Autor:
Fernando Pascual
Duele
encontrar en un ser humano señales de fariseísmo. Decir una cosa y vivir otra,
preocuparse por detalles sin importancia y dejar de lado el respeto a la
justicia y a la compasión, disimular para ser aplaudidos por los hombres y
pisotear malévolamente a los que se equivocan: ¿no son actitudes farisaicas que
provocan un rechazo general?
Puede
ocurrir, sin embargo, que mientras uno señala a otro por sus actitudes
farisaicas, incurra sin darse cuenta en una especie de “fariseísmo
antifariseo”. ¿De qué se trata?
Pensemos
en alguien que encuentra en su familia, en el trabajo, entre sus conocidos a un
compañero sumamente estricto, duro, inflexible. Se nota en sus actos y sus
palabras señales de desprecio hacia los demás.

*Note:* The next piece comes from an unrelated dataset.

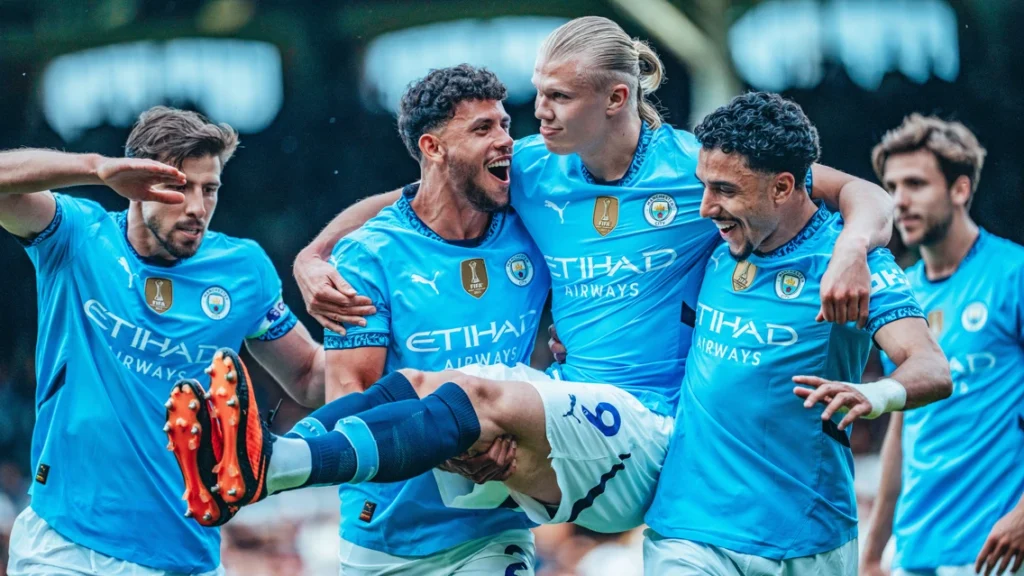 Manchester City vs Brighton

Con frecuencia acusa a otros,
cercanos o lejanos, de incumplidores, de egoístas, de inmorales.
Sí:
es fácil tildar a una persona así con el adjetivo “fariseo”. Además, ¿no tendrá
en su corazón apegos malsanos, comportamientos desleales, ambiciones ocultas?

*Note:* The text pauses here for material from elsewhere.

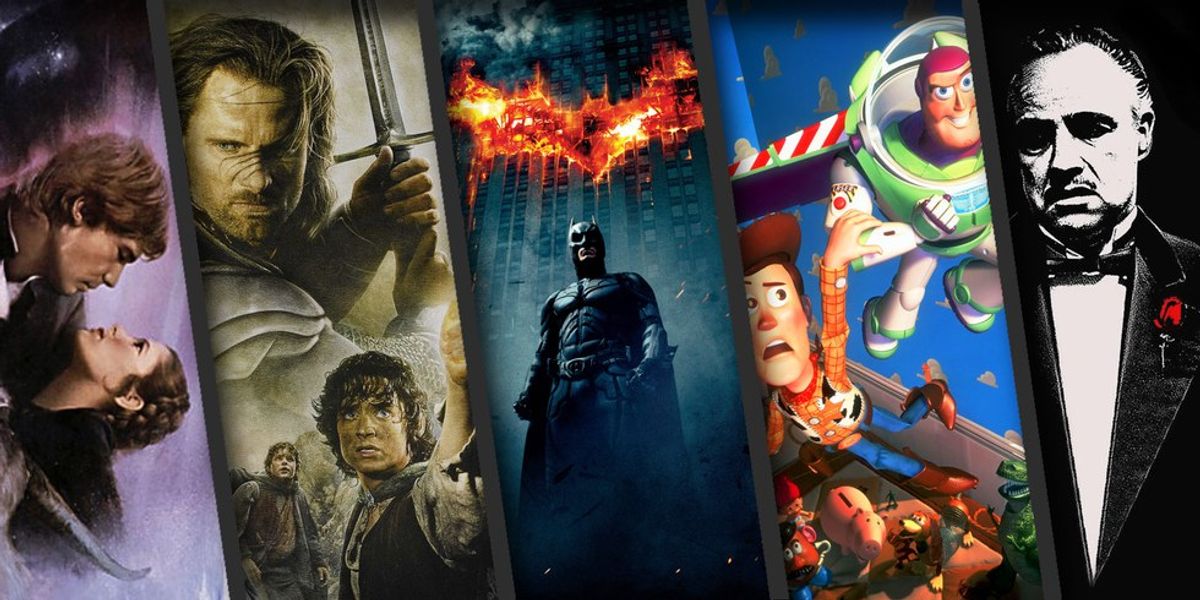 Top 5 Movie Trilogies Of All Time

Si la sospecha encuentra puntos de apoyo y señales más o menos claras de
hipocresía, no quedan dudas: ese conocido es un fariseo.
Al
mismo tiempo, quien condena a otros como fariseos puede suponer que él mismo
está libre de ese pecado. Es cierto: comete errores, llega tarde al trabajo,
incumple promesas a sus amigos, no respeta normas básicas de convivencia. Se
justifica diciendo que es un pobre pecador, que tiene sus debilidades, que
nadie es perfecto. Incluso se siente humilde: está libre del pecado del
fariseísmo porque reconoce sus faltas, no como ese fariseo...
Así,
sutilmente, uno incurre en una actitud de fariseísmo antifariseo... Por creerse
humilde, por sentirse libre del pecado de soberbia, por declarar que posee la
humildad propia de un pecador, supone que tiene el derecho de criticar a
quienes ha puesto la etiqueta de fariseos.
No
se trata de rizar el rizo, pero el peligro de incurrir en el fariseísmo
antifariseo nos amenaza un poco a todos. Por eso, es importante tomar esa
actitud sanamente humilde de quien reconoce sus pecados para pedir
confiadamente el perdón de Dios, y evita condenar a quienes están a su lado o a
los lejanos.
Si
uno vive así, aprenderá a rezar por todos, sin despreciar a nadie por un
fariseísmo más o menos claro. Evitará entonces el caer en actitudes que impiden
perdonar sinceramente a otros; también a quien pueda haber incurrido en uno de
los pecados más sutiles del espíritu: el del fariseísmo. Sólo entonces se
asemejará un poco a Dios Padre, “que hace salir su sol sobre malos y buenos, y
llover sobre justos e injustos” (Mt 5,45).